Some thing that might help is to use more examples where the "opening" to the surface does not easily align with an axis or other visual element that could masquerade as part of the surface. Of course, this technique could make the computations more complicated, as we typically prefer examples that have precisely that kind of arrangement because they are easier to work with!
Edit: It occurs to me that another reason students have trouble with the notion that open surfaces do not enclose a definite volume is because that idea runs utterly counter to everyday, normal experience. Consider measuring cups, cereal bowls, 2-gallon paint pails. Our very notion of "volume" is, in the world of real life, based on filling open containers like graduated cylinders or beakers. Even in calculus classes we give them questions where they are supposed to find the dimensions of an open-top box or cylinder containing a maximal volume under certain constraints. So of course they think that a surface that is open encloses a volume.
What makes this notion so stubborn? Perhaps it stems in part from the fact that when we do consider an open surface it typically has a boundary curve that lies in a plane, and therefore there is a "natural" way to cap it. That, after all, is how real-life containers work.

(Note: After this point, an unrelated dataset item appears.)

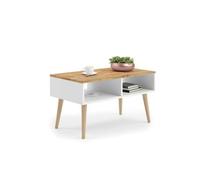 Kobi Table basse SANDI style scandinave 90x50x55 cm Pieds bois Blanc – chêne doré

I think the best way to deal with issues like this -- where there is a technical usage that differs significantly from the way a word or concept is used in everyday experience -- is to confront it head-on: before discussing integration over surfaces or volumes, it is essential to have a discussion about the difference between open and closed surfaces, and to be explicit about the precise way the phrase "enclosed volume" or "volume of the interior" is used in this context. And in every example you demonstrate you should begin by asking: Is this surface open or closed? If open, how can we close it off to create a well-defined interior? etc.